What the task asks
Drop the pictures, then extract the listing word for word.

Recorded data
☆ ☆ ☆ ☆
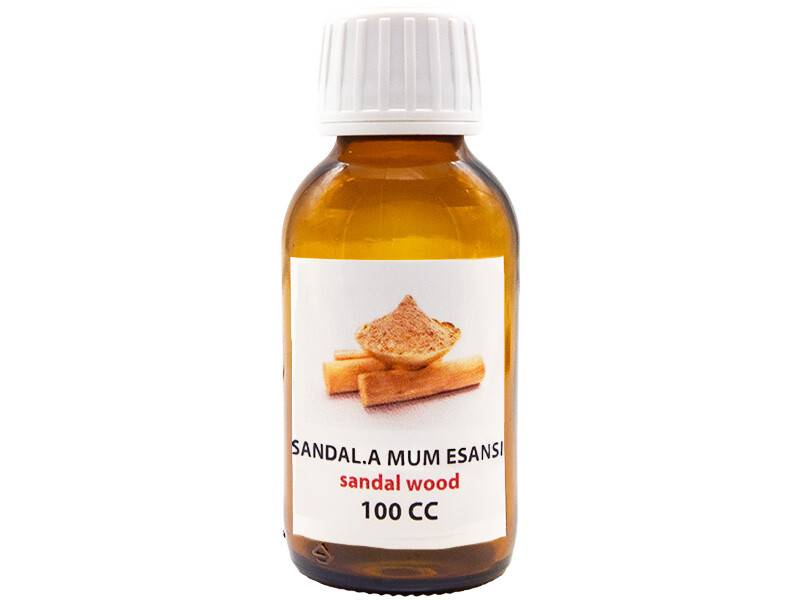 Sandal Wood Mum Esansı 100 CC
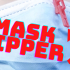 Mask Zipper image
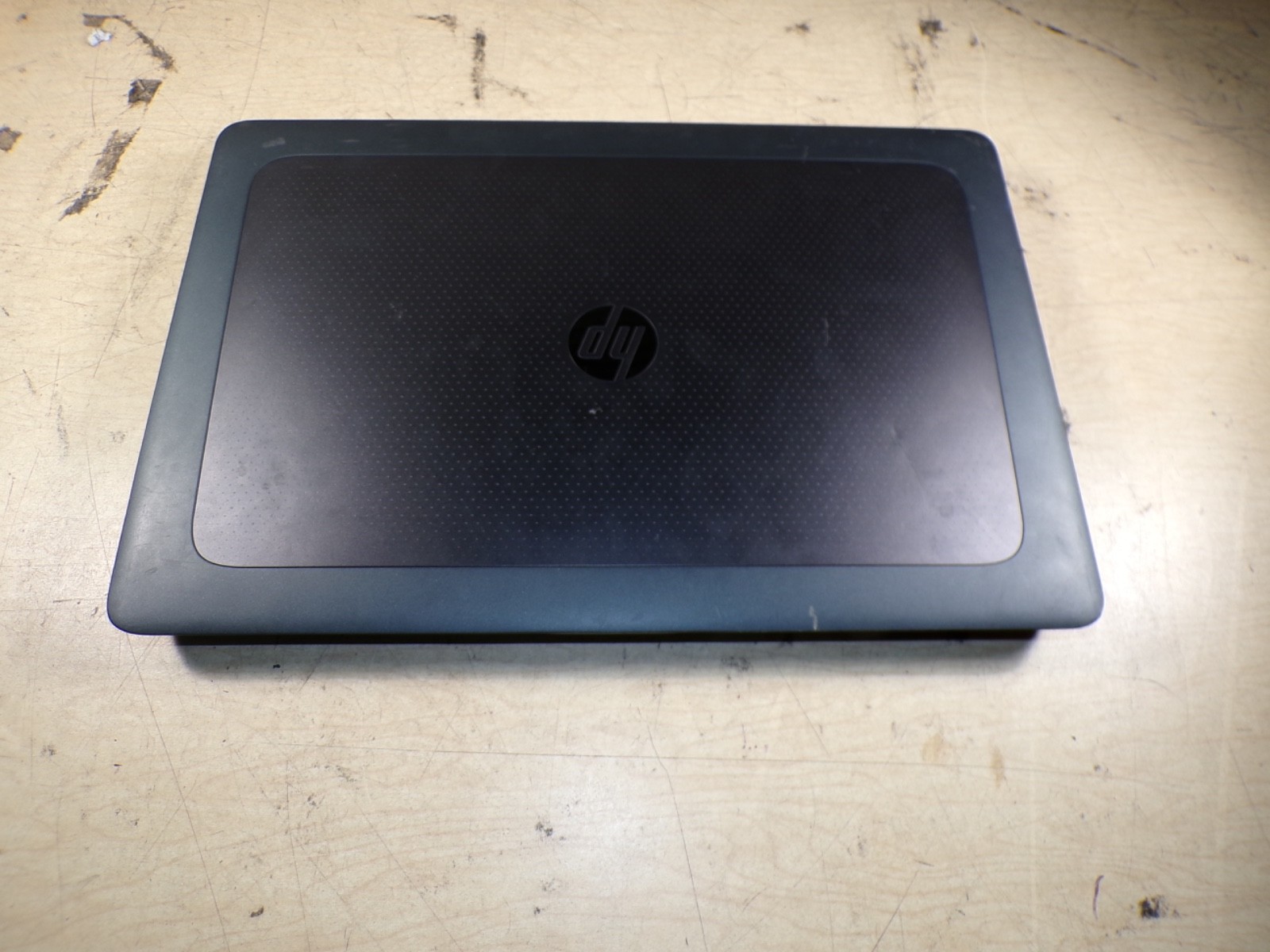 HP ZBOOK I7 G3 INTEL CORE I7-6700HQ 2.60GHZ 8GB RAM **NO HD/ NO CADDIE/ NO OS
☆ ☆ ☆ ☆
Result of this exercise
 Sandal Wood Mum Esansı 100 CC
 Mask Zipper image
 HP ZBOOK I7 G3 INTEL CORE I7-6700HQ 2.60GHZ 8GB RAM **NO HD/ NO CADDIE/ NO OS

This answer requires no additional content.